About this task: Please print the entries below exactly, from the line with "Pink and blue" through the line with "Funny rabbit in", including both of those lines and leaving out all others.

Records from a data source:
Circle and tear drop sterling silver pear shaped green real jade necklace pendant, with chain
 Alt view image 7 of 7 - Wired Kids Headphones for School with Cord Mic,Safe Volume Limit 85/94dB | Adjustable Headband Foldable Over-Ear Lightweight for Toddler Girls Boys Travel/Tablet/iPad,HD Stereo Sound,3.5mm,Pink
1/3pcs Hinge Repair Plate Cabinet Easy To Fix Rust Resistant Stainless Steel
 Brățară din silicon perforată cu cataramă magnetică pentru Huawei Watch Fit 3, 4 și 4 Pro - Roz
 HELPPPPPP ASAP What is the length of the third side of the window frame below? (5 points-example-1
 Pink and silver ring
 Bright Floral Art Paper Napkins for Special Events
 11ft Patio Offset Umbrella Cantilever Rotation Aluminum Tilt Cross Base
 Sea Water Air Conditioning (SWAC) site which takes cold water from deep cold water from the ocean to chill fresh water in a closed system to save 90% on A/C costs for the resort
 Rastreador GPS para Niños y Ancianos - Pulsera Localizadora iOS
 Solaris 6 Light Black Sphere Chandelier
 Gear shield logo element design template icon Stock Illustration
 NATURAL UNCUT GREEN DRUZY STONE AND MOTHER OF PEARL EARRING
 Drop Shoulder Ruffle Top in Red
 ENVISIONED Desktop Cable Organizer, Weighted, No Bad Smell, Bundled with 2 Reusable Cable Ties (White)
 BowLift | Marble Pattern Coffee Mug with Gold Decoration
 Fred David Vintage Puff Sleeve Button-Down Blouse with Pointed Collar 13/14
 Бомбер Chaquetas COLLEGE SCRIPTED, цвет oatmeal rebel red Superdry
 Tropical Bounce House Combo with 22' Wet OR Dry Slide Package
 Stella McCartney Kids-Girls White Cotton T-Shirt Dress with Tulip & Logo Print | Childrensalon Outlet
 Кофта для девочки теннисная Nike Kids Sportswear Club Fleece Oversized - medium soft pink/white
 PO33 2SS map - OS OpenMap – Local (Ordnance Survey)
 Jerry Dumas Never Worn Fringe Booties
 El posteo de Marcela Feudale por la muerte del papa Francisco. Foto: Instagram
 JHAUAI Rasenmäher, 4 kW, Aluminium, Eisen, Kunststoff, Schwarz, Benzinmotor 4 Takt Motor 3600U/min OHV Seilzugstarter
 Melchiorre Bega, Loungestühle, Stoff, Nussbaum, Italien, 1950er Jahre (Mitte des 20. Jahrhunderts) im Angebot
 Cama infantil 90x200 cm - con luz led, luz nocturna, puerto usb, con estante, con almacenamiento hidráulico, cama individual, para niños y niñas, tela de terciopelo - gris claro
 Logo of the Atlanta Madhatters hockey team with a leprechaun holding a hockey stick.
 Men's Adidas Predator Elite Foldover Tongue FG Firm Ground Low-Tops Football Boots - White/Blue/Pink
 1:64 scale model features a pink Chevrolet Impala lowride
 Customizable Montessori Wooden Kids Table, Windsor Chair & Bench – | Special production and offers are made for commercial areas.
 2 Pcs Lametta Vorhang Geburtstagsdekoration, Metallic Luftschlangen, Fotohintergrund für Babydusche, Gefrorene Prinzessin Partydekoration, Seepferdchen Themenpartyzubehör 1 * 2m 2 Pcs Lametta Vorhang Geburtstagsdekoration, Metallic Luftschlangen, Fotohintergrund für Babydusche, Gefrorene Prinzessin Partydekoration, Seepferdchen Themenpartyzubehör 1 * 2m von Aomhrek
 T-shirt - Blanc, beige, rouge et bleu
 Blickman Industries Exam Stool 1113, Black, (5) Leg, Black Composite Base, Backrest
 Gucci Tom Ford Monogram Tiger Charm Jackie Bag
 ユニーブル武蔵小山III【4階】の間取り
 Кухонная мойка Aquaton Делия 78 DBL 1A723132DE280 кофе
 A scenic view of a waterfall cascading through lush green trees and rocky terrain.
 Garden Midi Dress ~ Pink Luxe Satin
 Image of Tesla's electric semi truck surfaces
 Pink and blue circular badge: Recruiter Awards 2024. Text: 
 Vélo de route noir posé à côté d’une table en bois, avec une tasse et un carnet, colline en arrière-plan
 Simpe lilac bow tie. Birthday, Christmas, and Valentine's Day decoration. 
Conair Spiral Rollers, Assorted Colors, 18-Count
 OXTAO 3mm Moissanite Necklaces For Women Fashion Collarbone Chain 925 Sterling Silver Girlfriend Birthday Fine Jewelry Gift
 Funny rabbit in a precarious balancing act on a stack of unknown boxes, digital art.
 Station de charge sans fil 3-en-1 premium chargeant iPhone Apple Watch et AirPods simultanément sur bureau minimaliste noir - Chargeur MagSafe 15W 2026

Written answer:
 Pink and blue circular badge: Recruiter Awards 2024. Text: 
 Vélo de route noir posé à côté d’une table en bois, avec une tasse et un carnet, colline en arrière-plan
 Simpe lilac bow tie. Birthday, Christmas, and Valentine's Day decoration. 
Conair Spiral Rollers, Assorted Colors, 18-Count
 OXTAO 3mm Moissanite Necklaces For Women Fashion Collarbone Chain 925 Sterling Silver Girlfriend Birthday Fine Jewelry Gift
 Funny rabbit in a precarious balancing act on a stack of unknown boxes, digital art.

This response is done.